▸ **What you are asked to do**: Could you repeat every entry below word for word, leaving out the pictures?
Task material section start
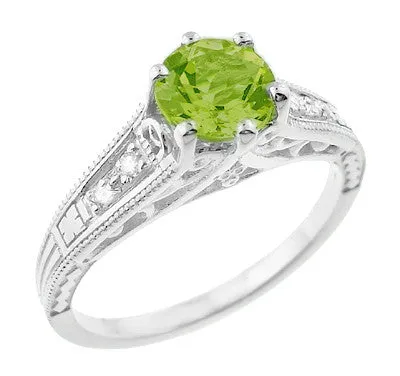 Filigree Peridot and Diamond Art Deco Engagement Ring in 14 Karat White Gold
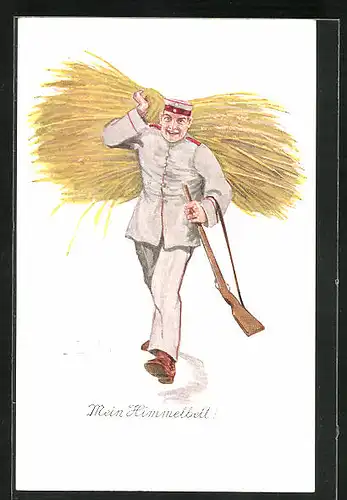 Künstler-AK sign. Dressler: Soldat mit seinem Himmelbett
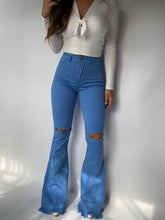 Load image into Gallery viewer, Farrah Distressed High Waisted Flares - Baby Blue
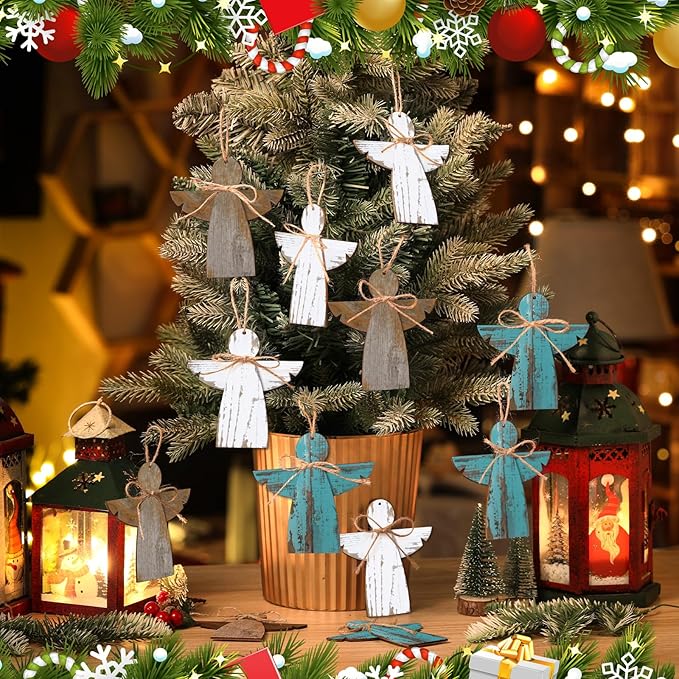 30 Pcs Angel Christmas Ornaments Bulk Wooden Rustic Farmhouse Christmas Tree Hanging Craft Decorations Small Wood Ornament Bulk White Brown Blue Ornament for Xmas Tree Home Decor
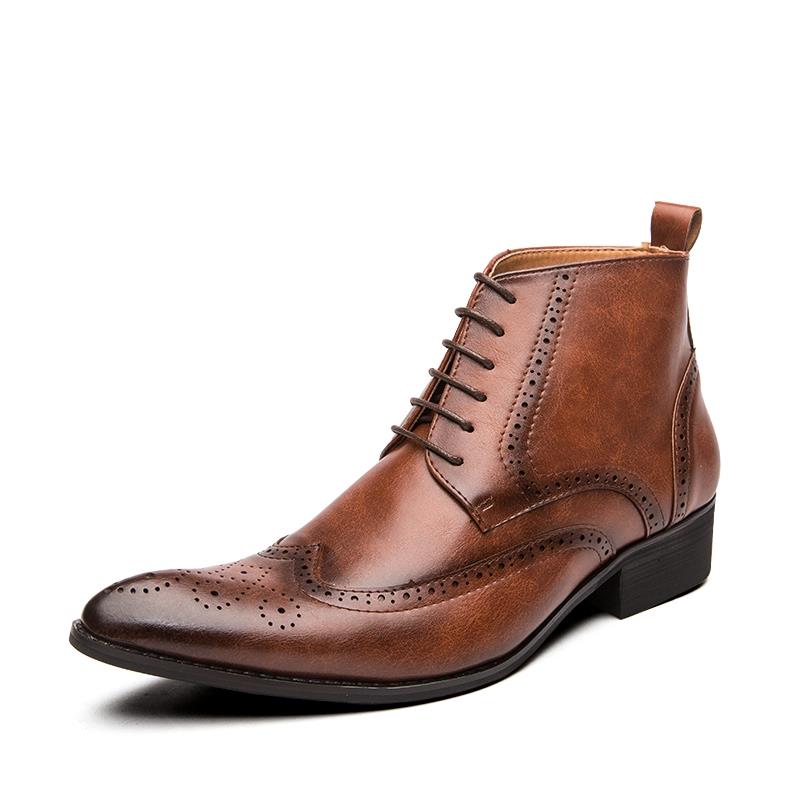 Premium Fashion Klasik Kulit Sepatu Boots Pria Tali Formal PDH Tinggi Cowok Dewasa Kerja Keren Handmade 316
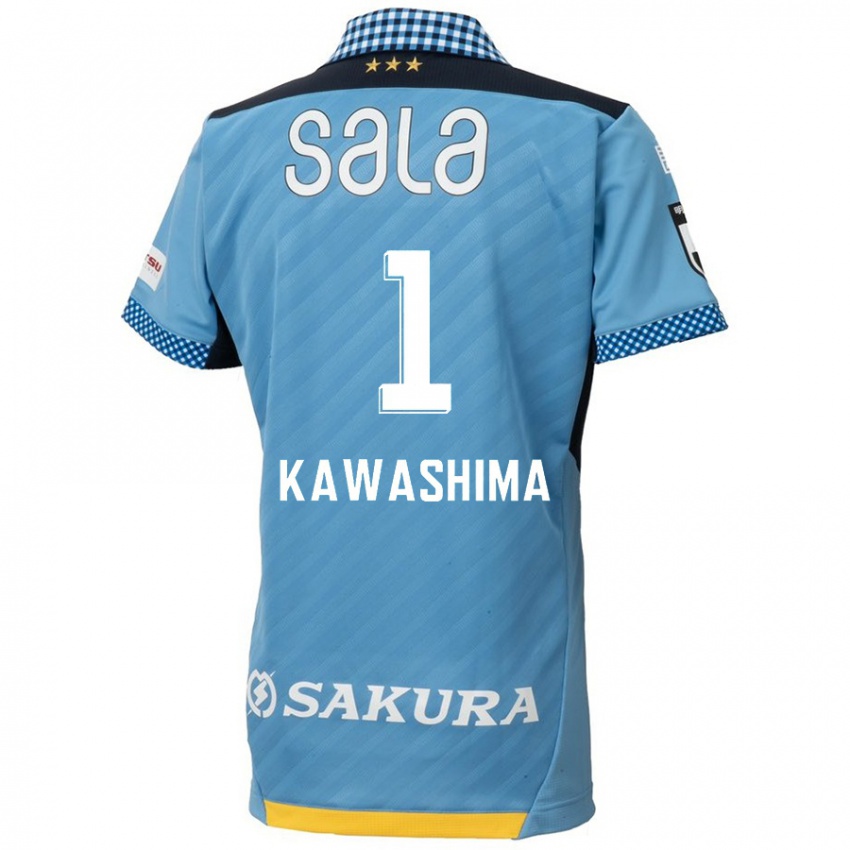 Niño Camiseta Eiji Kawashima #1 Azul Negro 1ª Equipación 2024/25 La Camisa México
Task material section end
▸ **Output of the exercise**:
 Filigree Peridot and Diamond Art Deco Engagement Ring in 14 Karat White Gold
 Künstler-AK sign. Dressler: Soldat mit seinem Himmelbett
 Load image into Gallery viewer, Farrah Distressed High Waisted Flares - Baby Blue
 30 Pcs Angel Christmas Ornaments Bulk Wooden Rustic Farmhouse Christmas Tree Hanging Craft Decorations Small Wood Ornament Bulk White Brown Blue Ornament for Xmas Tree Home Decor
 Premium Fashion Klasik Kulit Sepatu Boots Pria Tali Formal PDH Tinggi Cowok Dewasa Kerja Keren Handmade 316
 Niño Camiseta Eiji Kawashima #1 Azul Negro 1ª Equipación 2024/25 La Camisa México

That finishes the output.